Linnea M. Palmer Paton, BS
Hometown: Sharon, CT (now in New York City)
Degree earned at WPI:
BS, Civil Engineering, Environmental Policy and Development
Why did you choose to attend WPI?
I learn by doing. WPI was the only school where hands-on learning was designed into the curriculum through a projects program. I chose to study environmental policy and engineering so that I would be a more knowledgeable advocate for climate action in the engineering community.
How did your experiences at WPI prepare you for graduate school?
I started a master's program in urban planning at NYU Wagner. After a full course load at WPI, I found the graduate program to be too easy. I also realized that I was much more drawn to media and PR work with Occupy Wall Street than I was to the urban planning internship I had at the time.

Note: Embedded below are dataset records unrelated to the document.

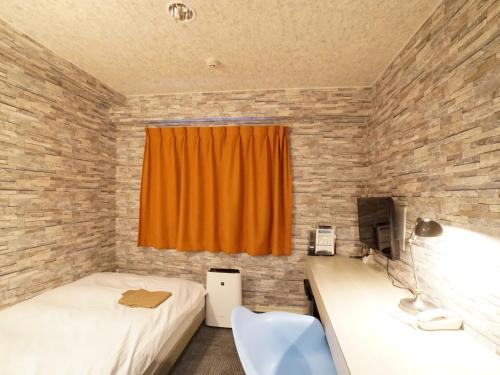 a bedroom with two beds and an orange curtain at Hotel AreaOne Takamatsu City in Takamatsu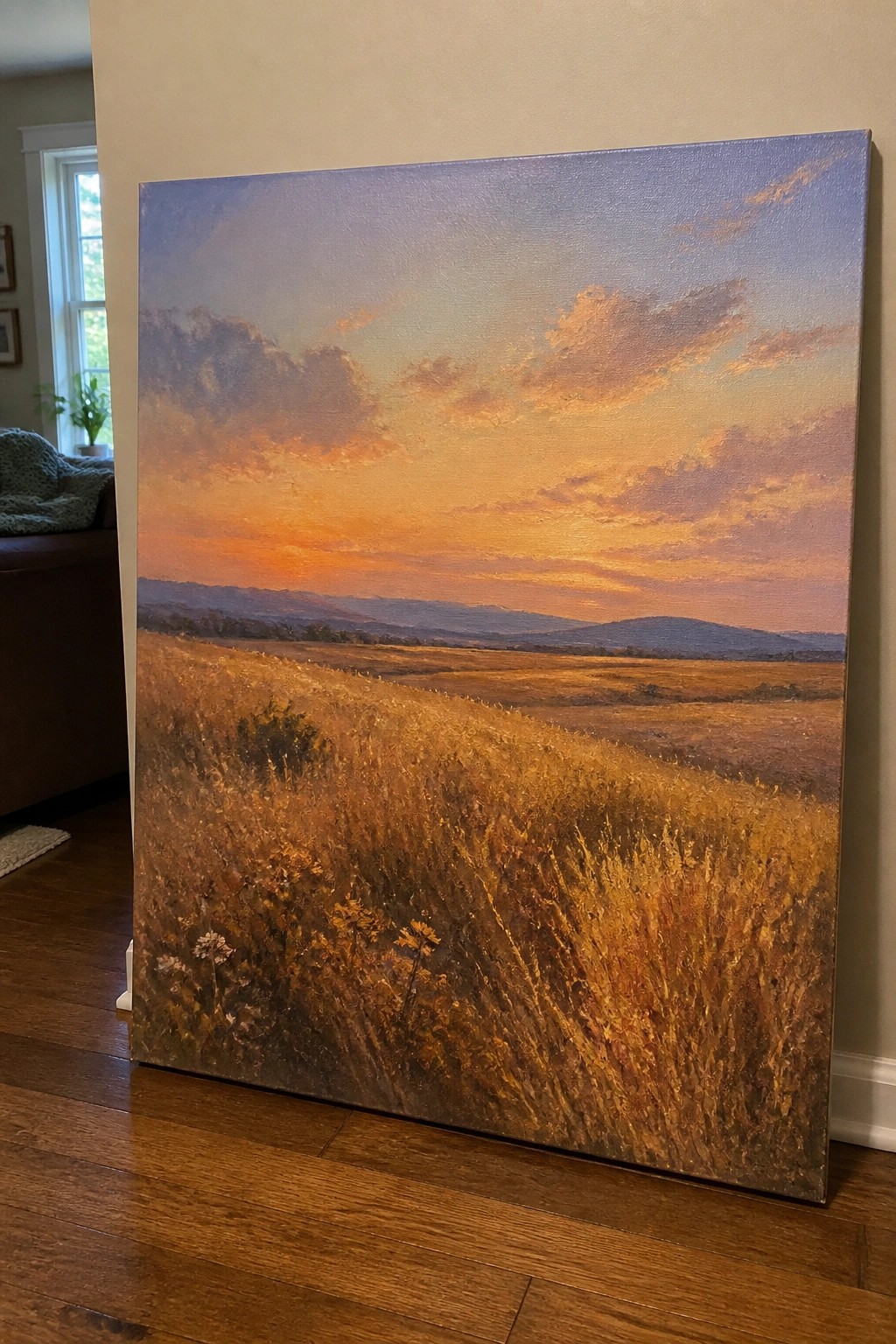 Golden field at sunset with orange-purple sky, large canvas leaning on wooden floor.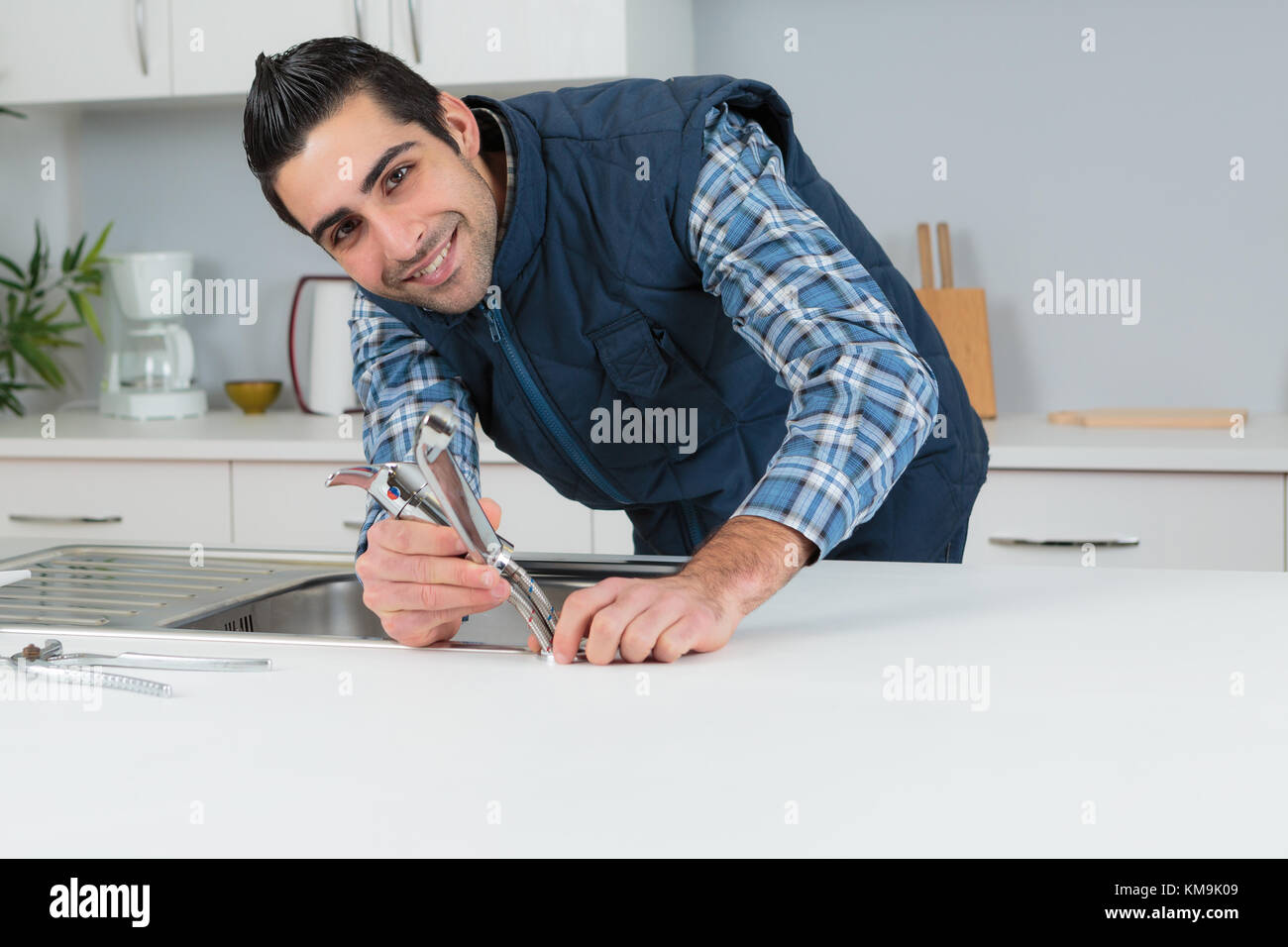 Portrait of plumber fitting kitchen tap Stock Photo Alamy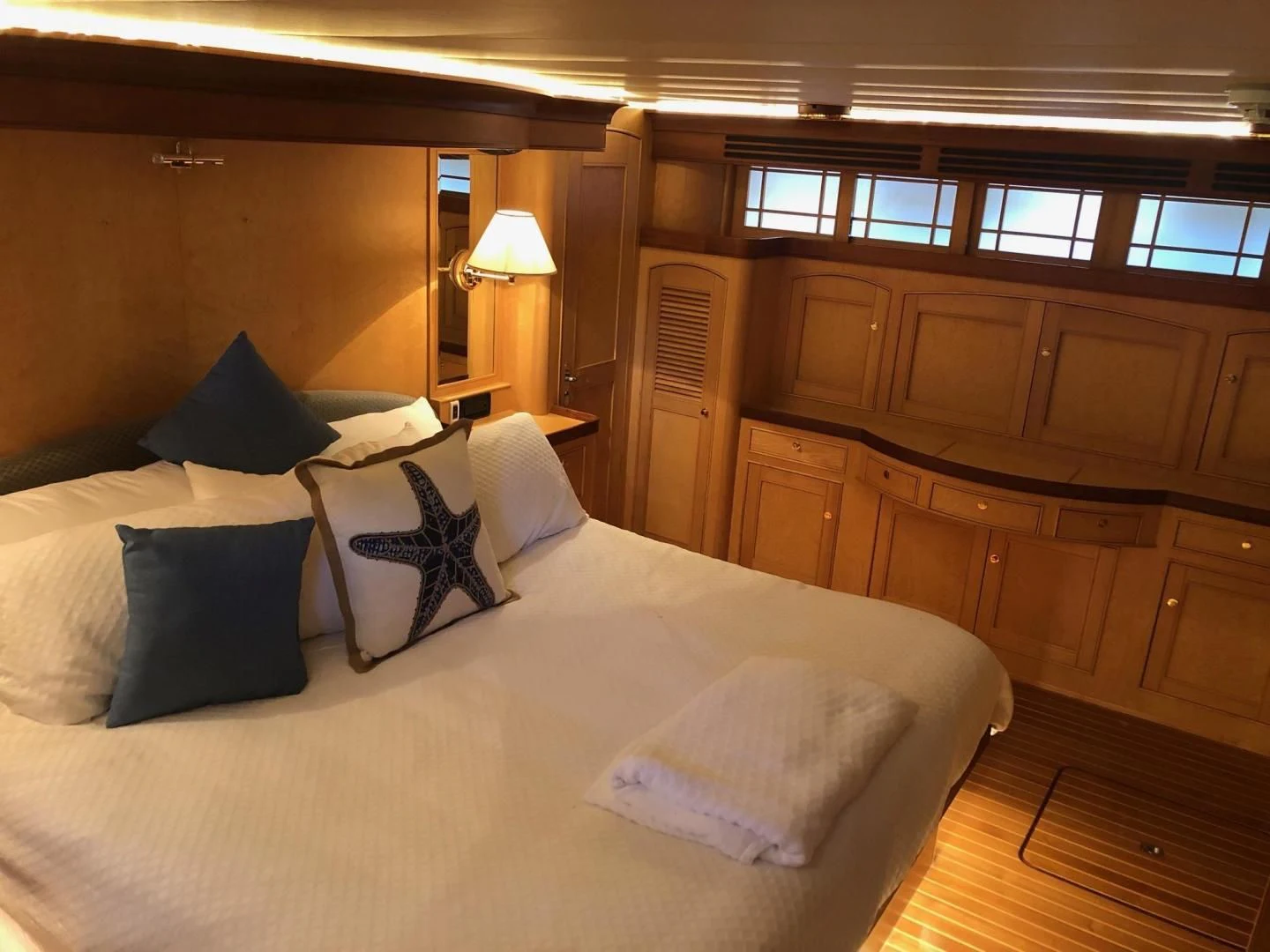 a bed with pillows and pillows aboard BELLA Yacht for Sale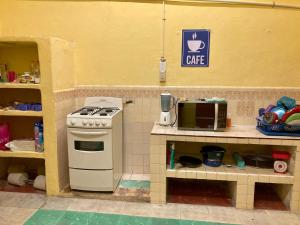 een keuken met een fornuis en een magnetron bij Hostal Republic in Mérida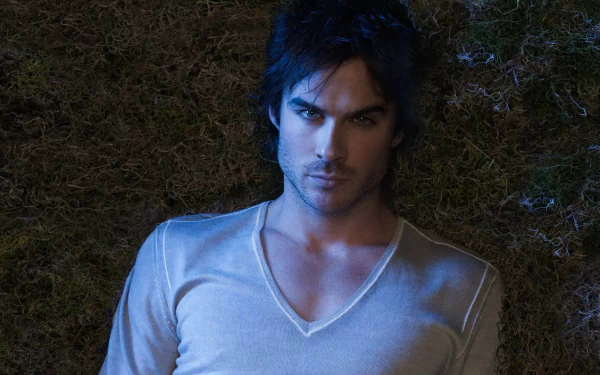 HD desktop wallpaper of Ian Somerhalder from the TV show The Vampire Diaries, featuring him lying on the ground with a serious expression.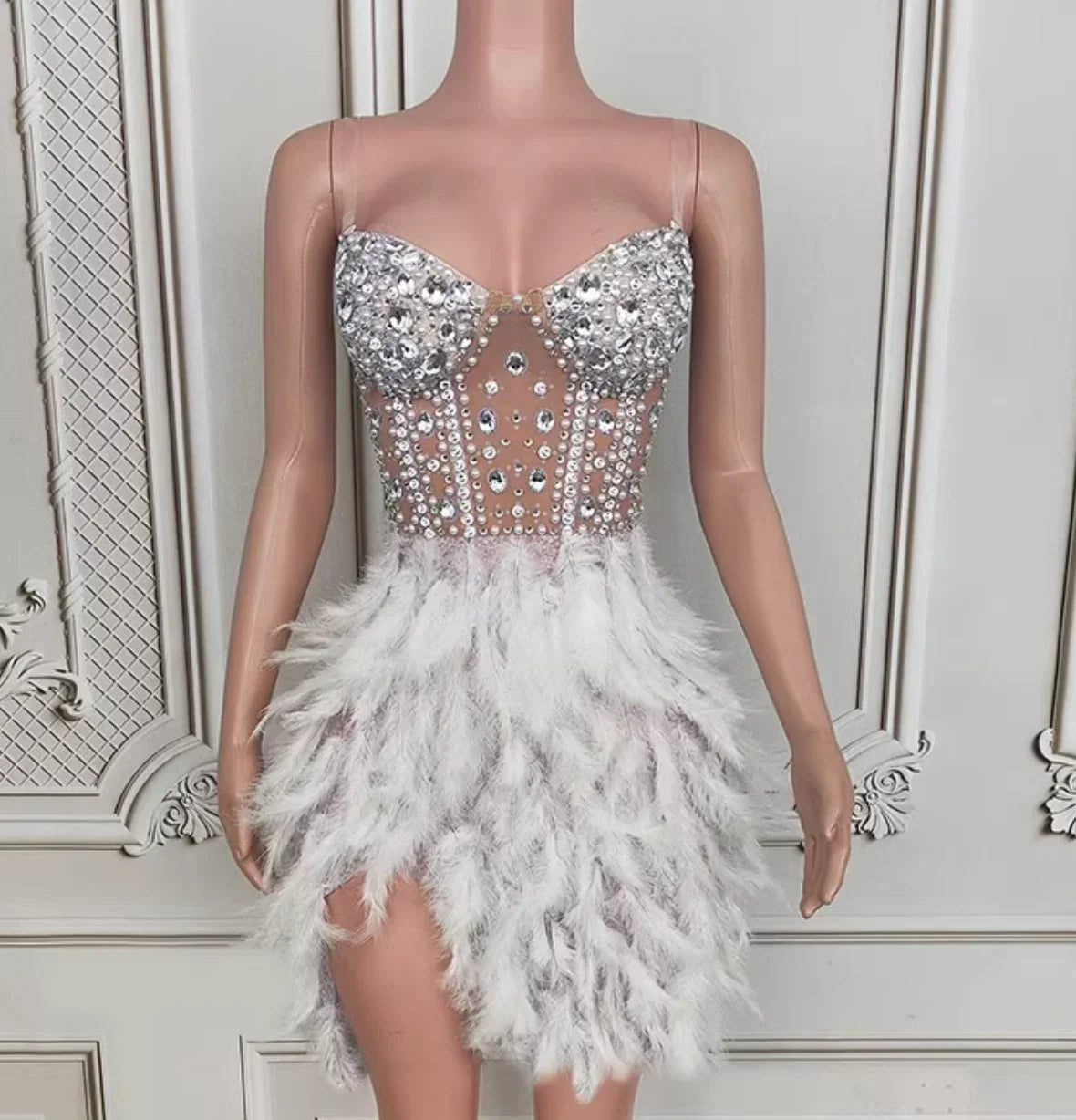 Mannequin wearing a silver sequin and feather dress against a decorative wall.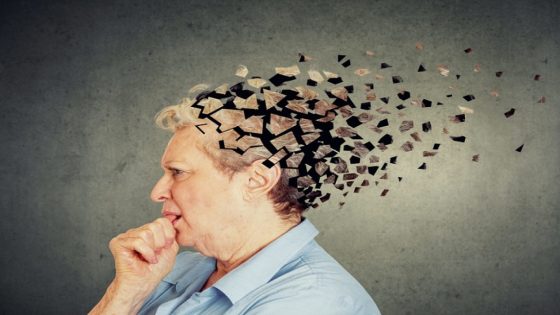 Memory loss due to dementia. Senior woman losing parts of head feeling confused as symbol of decreased mind function.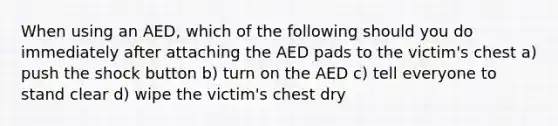 When using an AED, which of the following should you do immediately after attaching the AED pads to the victim's chest a) push the shock button b) turn on the AED c) tell everyone to stand clear d) wipe the victim's chest dry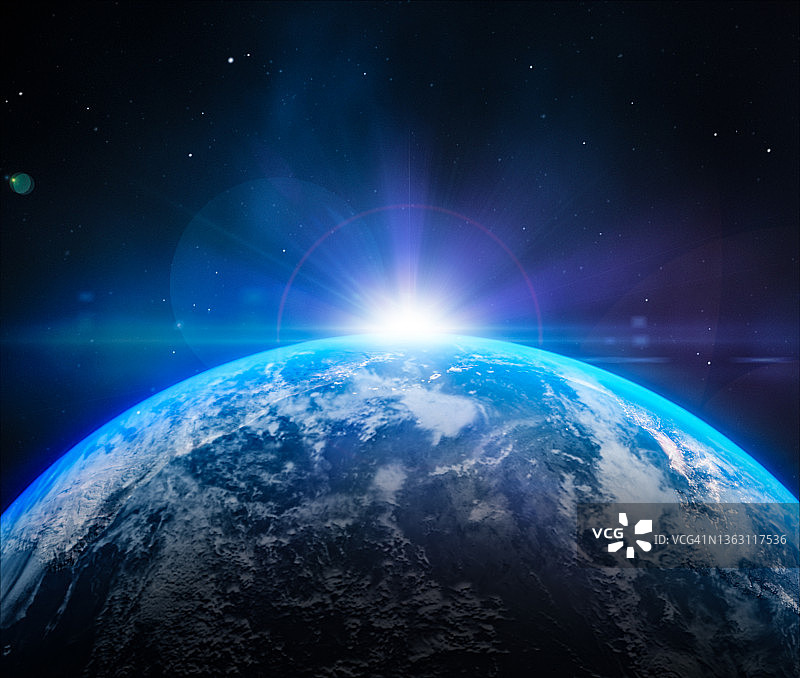 行星与带镜头光晕的上升之星图片素材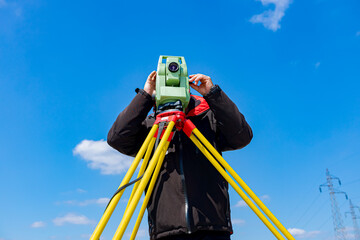Civil engineer, geodesist is working with total station on a building site, blue sky in background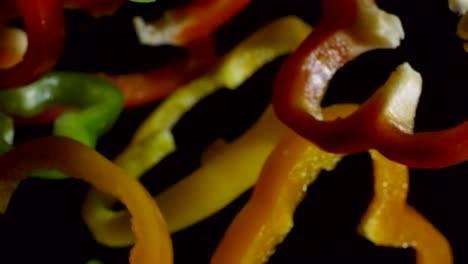 trozos de pimientos coloridos sobre un fondo negro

I decided to quit school and pursue media and advocacy work for climate action and socioeconomic justice.
How do you feel your experiences at WPI prepared you for working in your field?
I currently volunteer with Occupy Wall Street and the Disrupt Dirty Power Campaign. My background in environmental policy, economics, and politics from WPI has given me a foundation for challenging corruption, neoliberalism, and the status quo.
How has WPI’s philosophy of Theory and Practice, and working with teams, prepared you for facing real-world challenges in the workplace?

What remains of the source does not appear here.